Multi-beam and Beamforming Terahertz Array Antenna for 6G Communication

Abstract

This chapter discusses the multi-user, multiple-input, multiple-output (UM-MIMO) technology with multi-beam and beamforming THz array antenna for 6G communication. There are four designed THz antenna models, including three models of THz beamforming microstrip array antennas and 1 THz ultrawide band MIMO antenna model with their simulation results presented. The presented THz antenna models are (1) used for THz beamforming using a 30 × 16 E-shaped radiator microstrip array antenna for the resonance frequency of 146.55 GHz.
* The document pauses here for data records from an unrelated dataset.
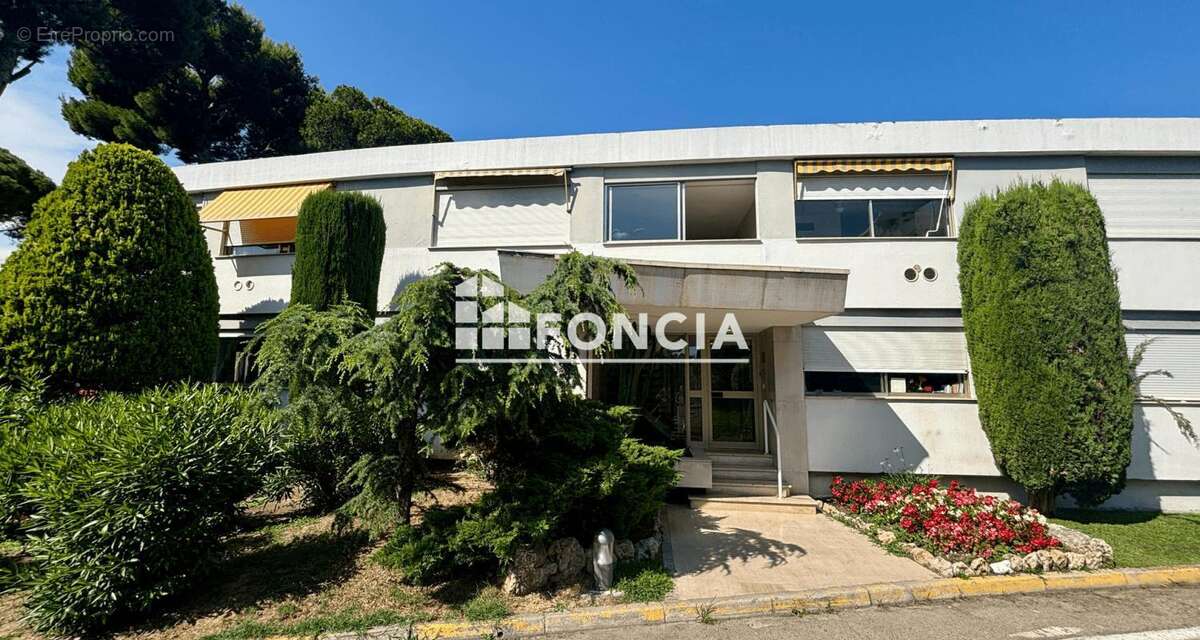 Appartement à VILLENEUVE-LOUBET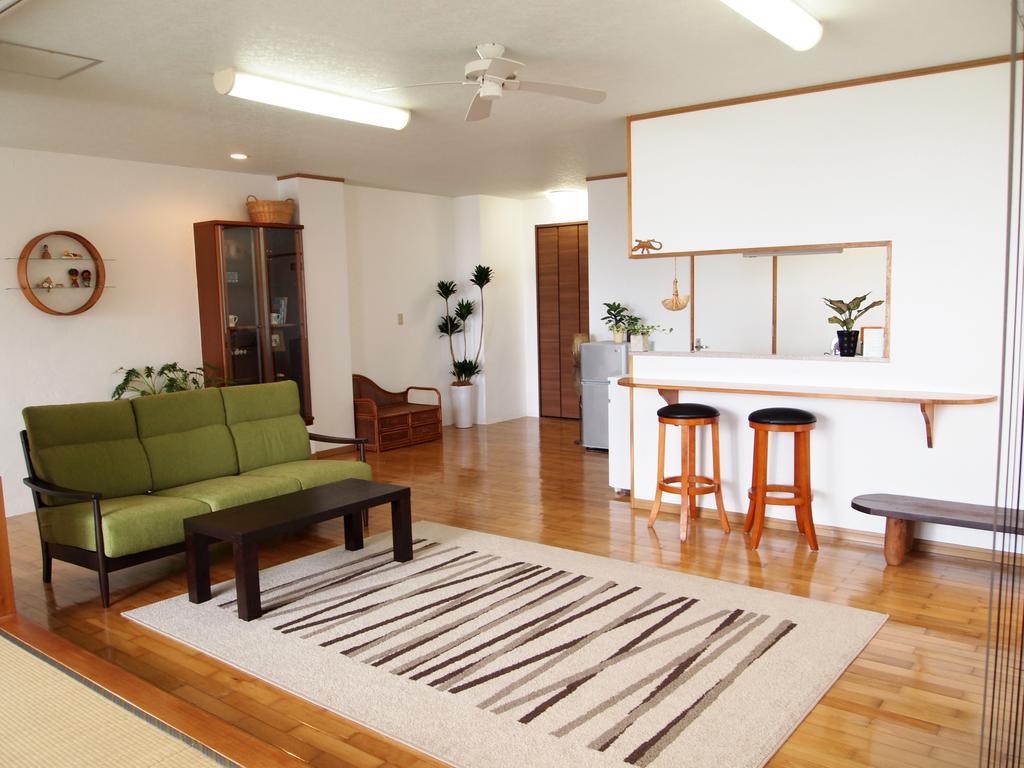 Rental Villa Luana Waioli Tomigusuku Exterior photo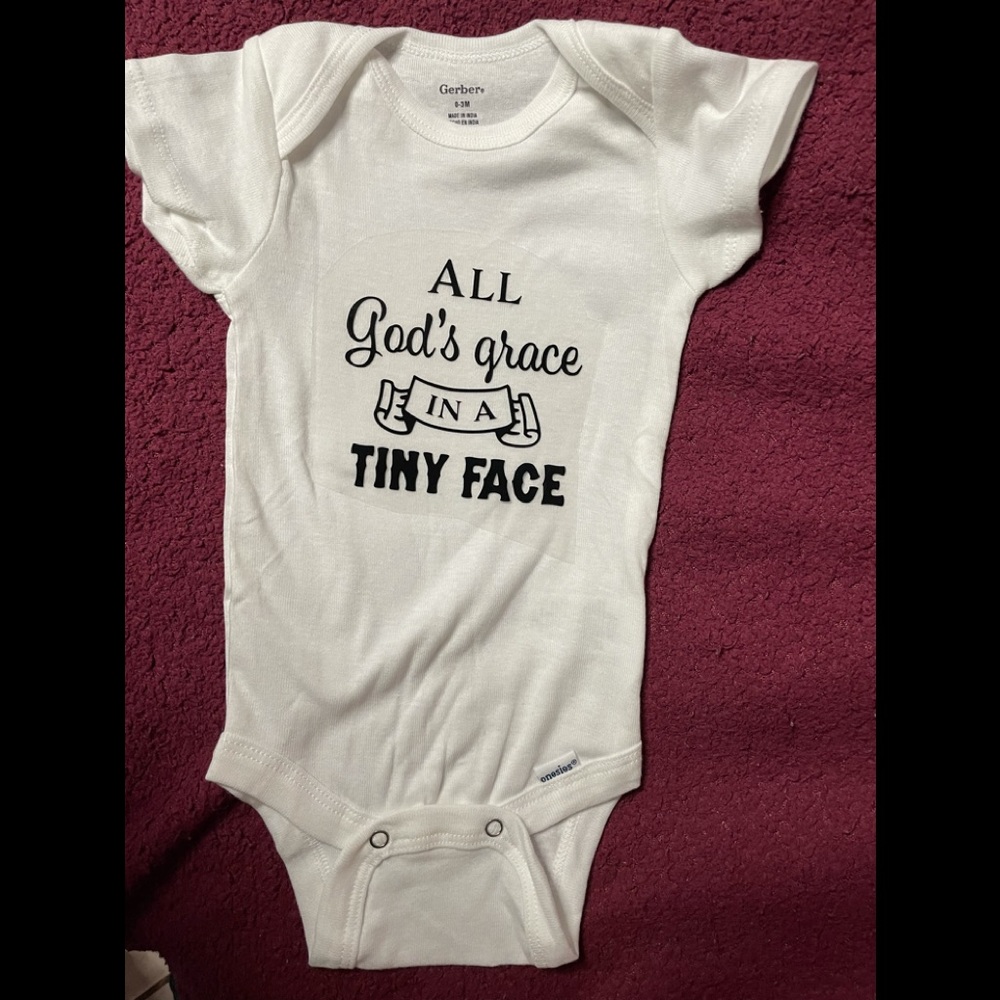 Cute baby onesie NWOT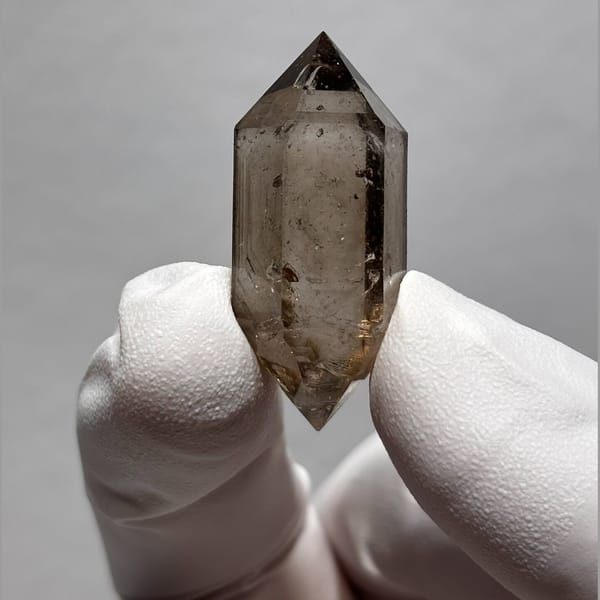 Enhydro Tea-Tone DT Quartz Yunnan 3.5 cm — detail view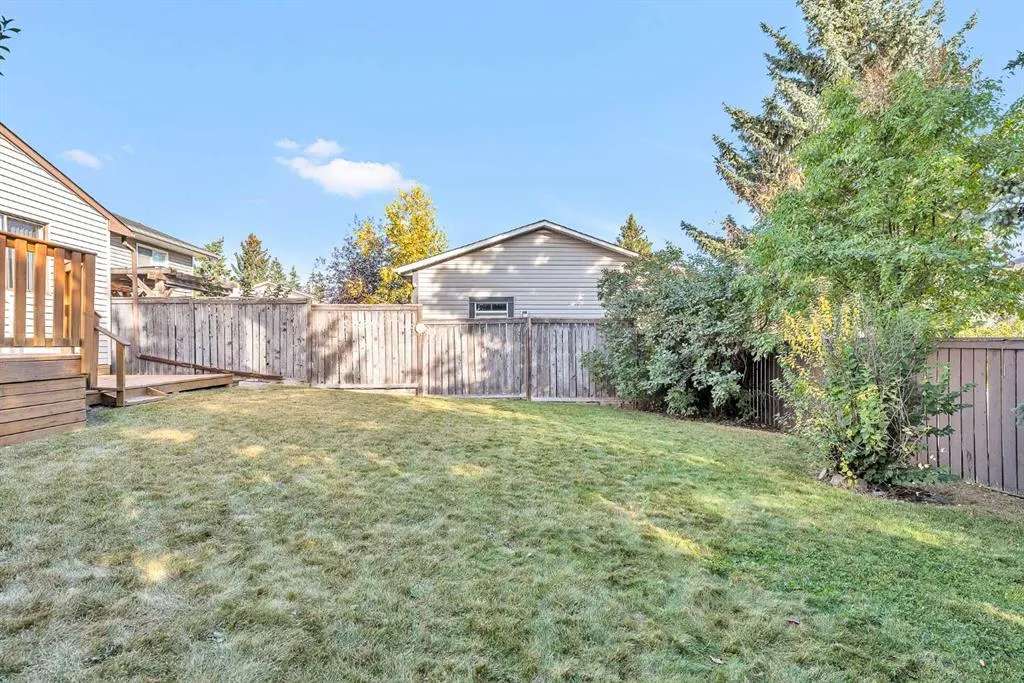 183 Cedardale Place SW
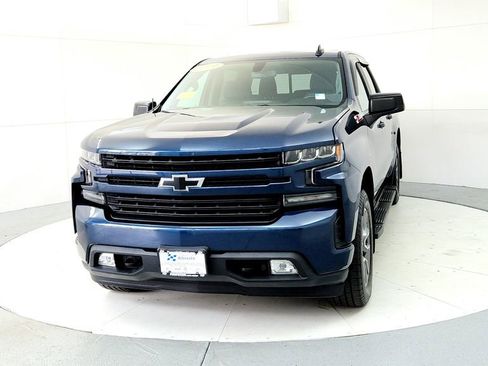 Used 2021 Chevrolet Silverado 1500 RST AWD/4WD image 2
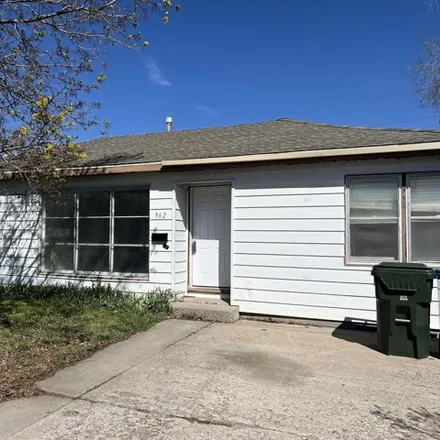 Buy this 3 bed house on 976 Fairbanks Avenue in Pocatello, ID 83201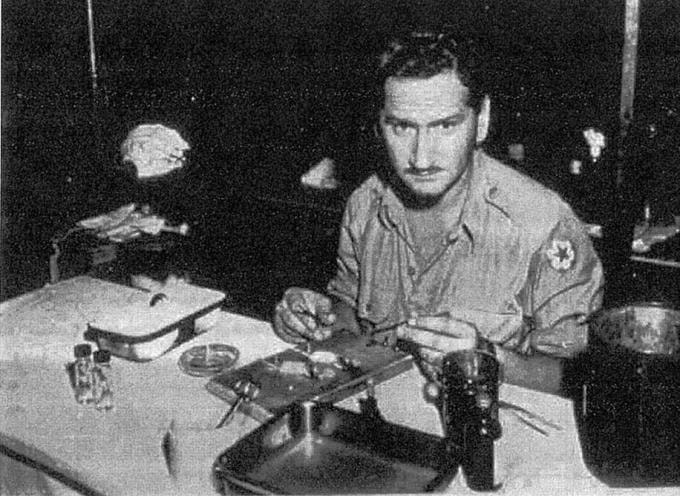 Albert Sabin, cha đẻ của vaccine bại liệt dạng uống, thực hiện xét nghiệm kháng thể viêm não Nhật Bản trong một lều ở Okinawa, Nhật Bản. Ảnh: WRAIR Archives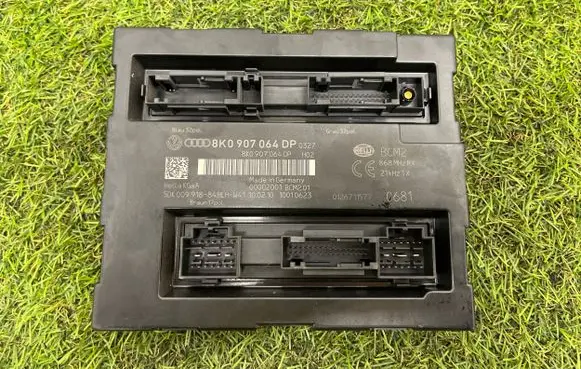 Audi A4 S4 B8 8K Comfort/convenience module 8K0907064DP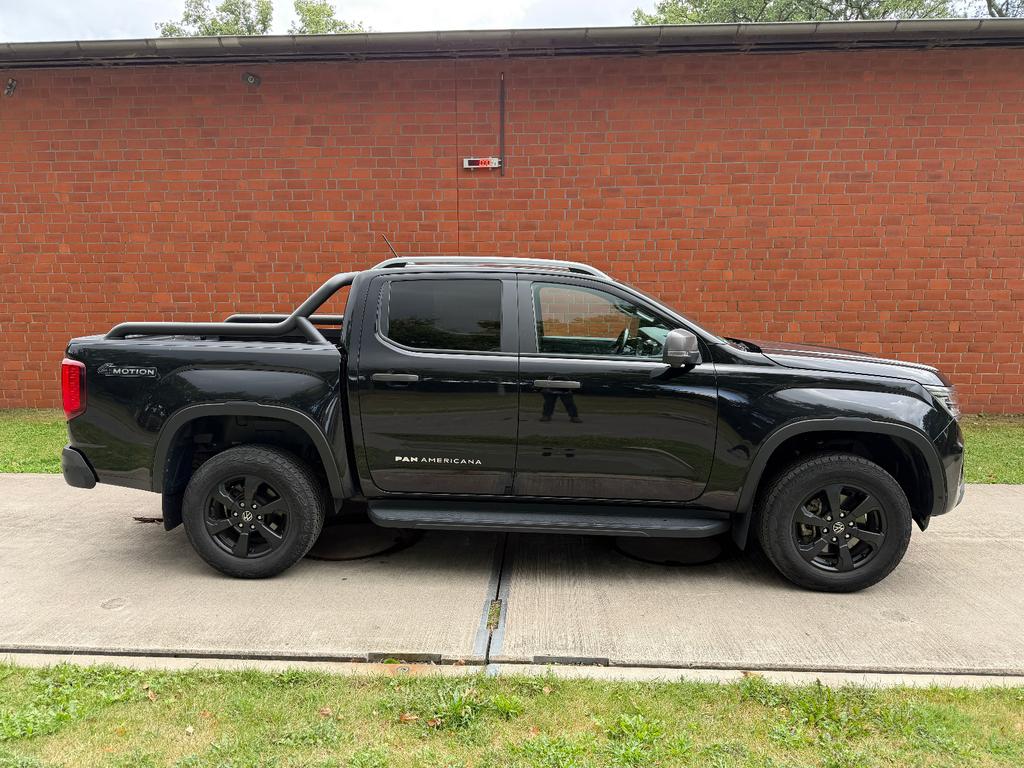 Volkswagen Amarok 2024 г. Чёрный, пробег 53833 км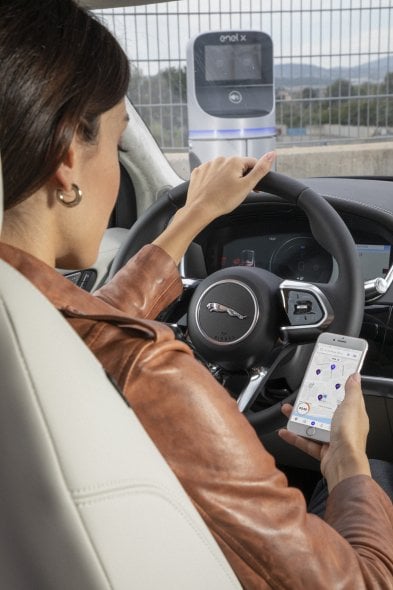 Enel X, nuovi sistemi di ricarica elettrica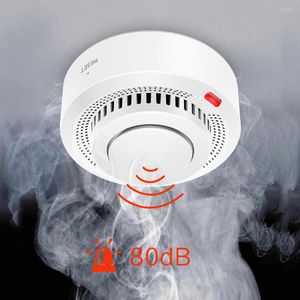 Sensor de humo WiFi inalámbrico 70db alarma de detección de incendios aplicación Tuya monitoreo en tiempo Real alimentado por batería para la seguridad de la cocina del hogar
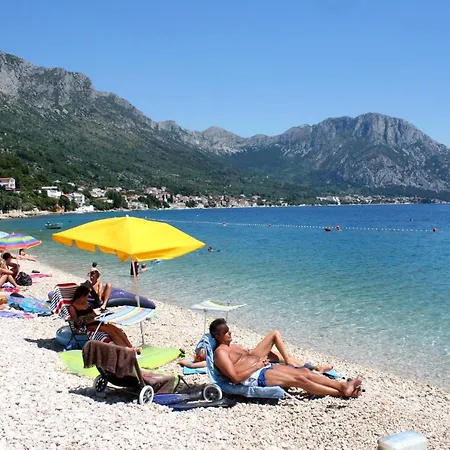 Maison d'hôtes And With A Swimming Pool Brist, Makarska - 15620 Brist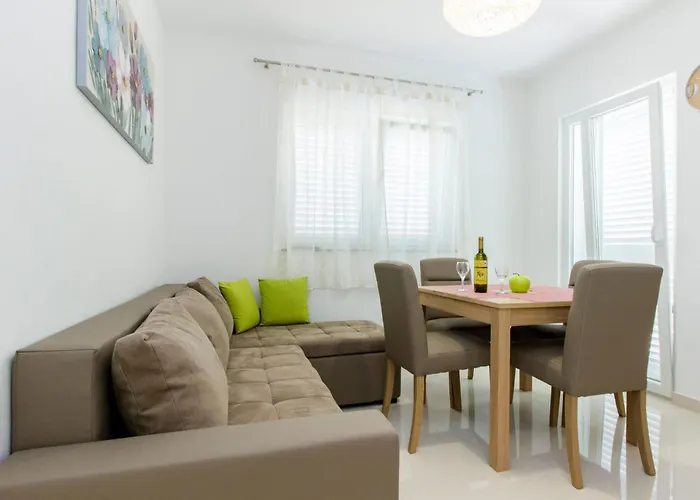 Апартаменты Apartment Apartmani Vesna Grebastica By Interhome *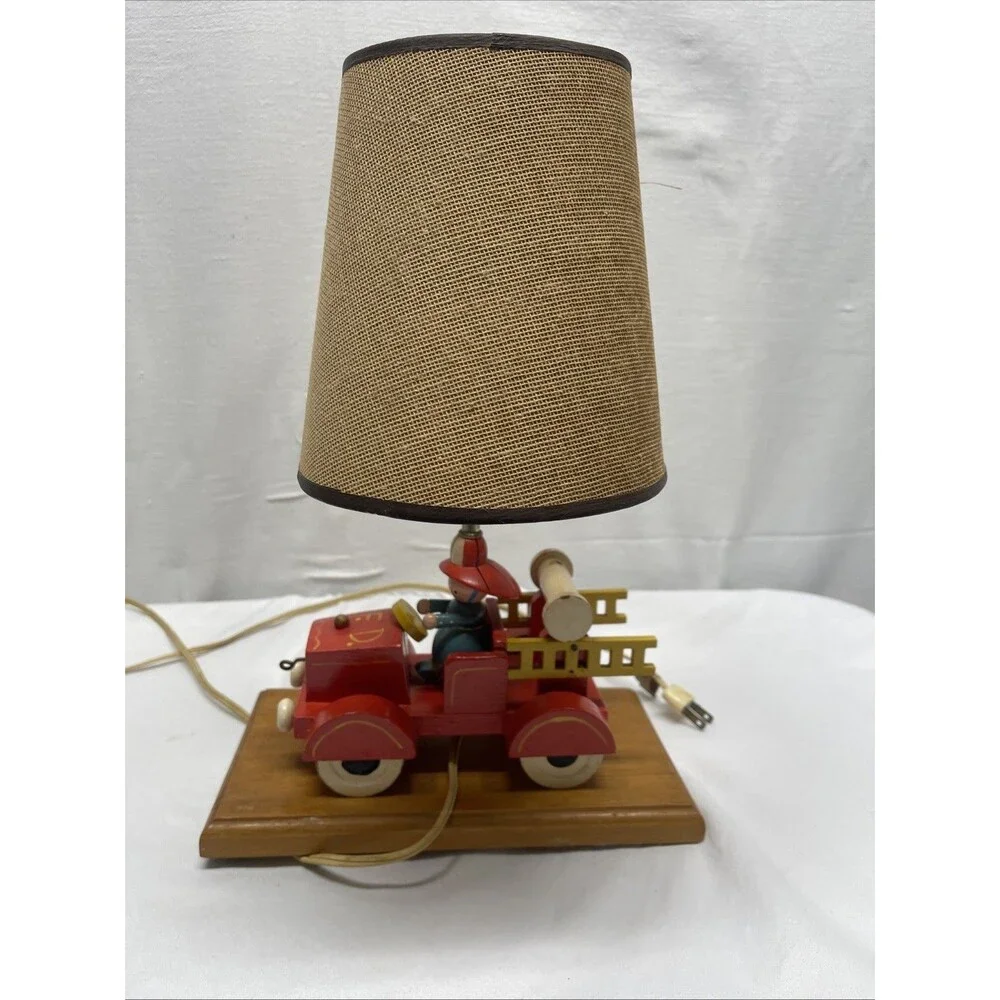 VTG 1972 Wooden Nursey Children's Room Lamp with Original Shade Fire Truck WORKS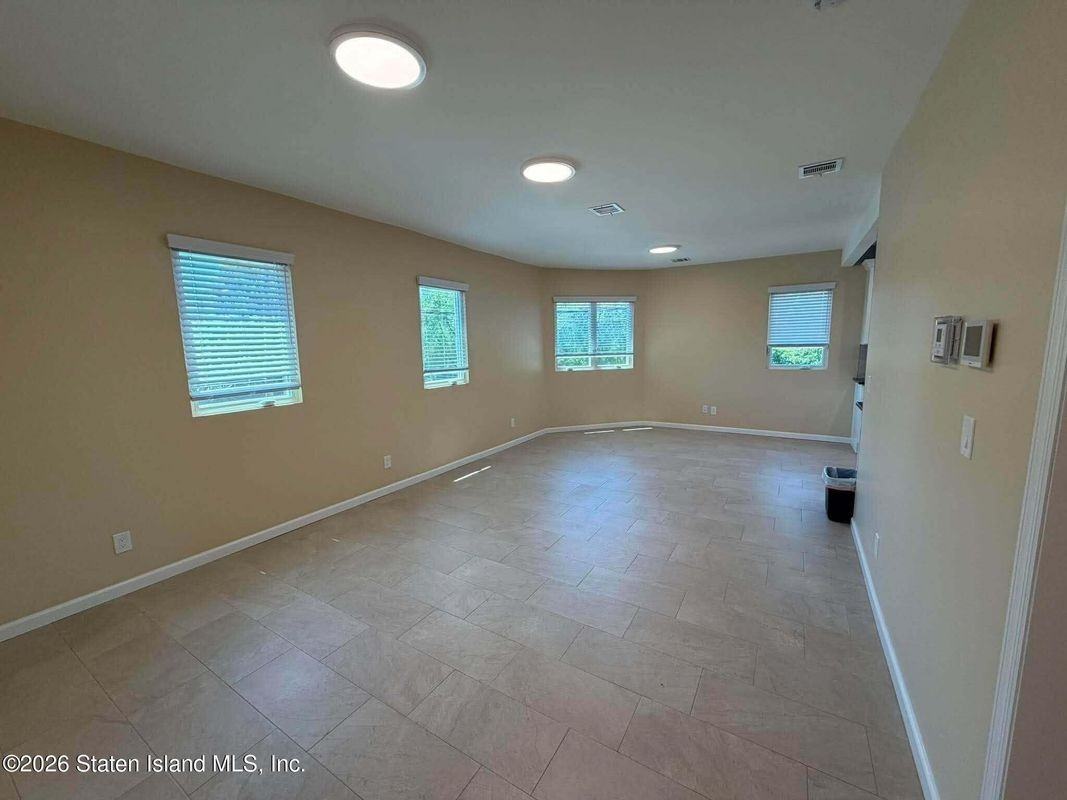 237 South Ave - Photo 4 of 14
The achieved gain, impedance bandwidth, and steering angles are 23.8 dB, >41.88 GHz, and ±13.7°, respectively, (2) used for THz beamforming 30 × 16 E-shaped radiators microstrip array and bandstop and passband FSSs antenna for the resonance frequency of 136.45 GHz, and the achieved gain, impedance bandwidth, and steering angles were 26.04 dB, >33.3 GHz, and ±13.5°, respectively, (3) used for THz beamforming Rotman lens microstrip array antenna for the resonance frequency of 118–143.2 GHz, and the achieved realized gain, impedance bandwidth, and steering angles were 14.09 dB, 31.02 GHz, and ±23.8°, respectively. From error analysis, the proposed THz beamforming microstrip array antenna, gain, and bandwidth because of the predictable fabrication etching tolerance accuracy ±10 μm, the microstrip laminates frequency-pendent dielectric properties (εr) and the frequency-pendent losses (tanδ) may change by a maximum of about 2.1 dB and 6.31 GHz because of the antennas' high frequency working beyond 100 GHz. The simulation results of the primary models are verified with another kind of antenna simulator, and a good agreement is achieved, (4) used a 4-port MIMO microstrip antenna, including four antipodal Vivaldi microstrip radiators. Furthermore, the simulated results of the proposed THz MIMO antenna showed an impedance bandwidth, maximum gain at a solid angle, minimum envelope correlation coefficient (ECC), and minimum diversity gain (DG) of >1846.7 GHz, 8.66 dB, 23.48 dB, 0.000916, and 9.9965 dB, respectively. From state-of-the-art simulation results with future fabrication etching tolerance accuracy, microstrip substrate εr, and microstrip substrate tan δ deviations, which can be when an experimental verification with a prototype fabricated THz MIMO antenna, the impedance bandwidth and maximum gain can be altered by a maximum of about 1.25–2 GHz, 0.5–0.9 dB from the simulated results.